Within Protestantism, Christianity breaks into even more denominations, such as Baptist, Lutheran, Evangelical, Seventh-Day Adventist, and Methodist. These separations stem from theological differences over the importance of certain aspects of Christianity, interpretations about the end times, organization of worship, and other matters.
The house of worship in Christianity is known as a church, from the Greek meaning “the called-out ones.” Technically, a church is anywhere that believers gather to ponder God and His Word and support one another in the faith, though the actual appearance varies among the three main branches, and even more among the various denominations.
Generally, rich decoration, vaulted ceilings, and imposing architecture characterize Catholic churches, called cathedrals, to fill the viewer with awe. Eastern Orthodox churches model after the Byzantine style of architecture from the days of the East-West Schism of 1054. By contrast, the Protestant tradition does not have an “official” architectural style.
As with church appearance, each denomination also has its own church organization. For example, in Catholicism the church has six levels of leadership – the pope, cardinals, archbishops, bishops, priests, and deacons – while a Protestant church might only have pastors, elders, and deacons.
Across the board, praise to God through music, readings in Scripture, and sermons form the base of worship. In addition, some denominations participate in corporate recitation of certain prayers, sacraments like baptism and the Holy Eucharist, and confession. Most importantly, Christians are encouraged to offer themselves as “living sacrifice[s], holy and pleasing to God” (Romans 12:1). They should lives their lives as an act of worship.
The main Christian holidays revolve around the life, death, and resurrection of Jesus. In addition to those listed below, Catholic and Eastern Orthodox Christians also celebrate feast days for the saints.
- The Advent season prepares the observer for the Nativity of Jesus. It includes the four Sundays and weeks that precede Christmas day. In Latin, advent means “coming.”
- Christmas, December 25, celebrates the birth of Jesus in Bethlehem.
- Some Christians observe Lent, a solemn 40-day observance, Sundays excluded from this count, that lasts until the day before Easter, called Holy Saturday. Through fasting and abstinence, Christians prepare their hearts for the Easter season. The time interval changes each year just as Easter does.

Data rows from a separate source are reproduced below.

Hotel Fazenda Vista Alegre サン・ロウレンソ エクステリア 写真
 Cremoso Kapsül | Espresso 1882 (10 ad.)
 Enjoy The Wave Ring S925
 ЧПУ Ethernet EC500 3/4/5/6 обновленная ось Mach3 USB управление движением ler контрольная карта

- Good Friday, two days before Easter Sunday, commemorates the crucifixion of Jesus on the cross.
- Easter, the Sunday after Good Friday, celebrates Jesus’ resurrection, as He foretold, and His ultimate defeat of sin and death.
- Ascension Thursday is an observance forty days after Easter. It also goes by the names Holy Thursday or Ascension Day. Forty days after His resurrection, Jesus appears to His disciples at the Mount of Olives to leave them with a mission – the spreading of the Gospel – and to ascend to heaven once again.
- Seven Sundays after Easter, the Holy Spirit, a messenger Jesus sent to guide His followers, descended upon His disciples. Pentecost commemorates that day, recorded in Acts 2:1-31.
Worldwide, Christianity has over 2.4 billion adherents, or 1/3 of the world’s population, making it the largest religion in the world. A majority live in the Americas (36.8% in 2010), with most South Americans conforming to Roman Catholicism, though a century ago Europe boasted the largest Christian population. The degeneration of Christianity in Europe is one of the greatest religious declines in history.
As they fulfill the Great Commission that Jesus left His followers after His resurrection and before his ascension into heaven – to “make disciples of all nations” – Christians wait for the Second Coming of Jesus at the Last Judgment. The Book of Revelation, a vision from Jesus’ disciple John, relates what Christians should expect at that time.
Other posts in “World Religions”
Disclaimer: I am not a religious scholar or theologian, but only a young woman trying to better understand the beliefs of those around me. I do not claim infallibility in my analysis of religion, and apologize for any errors.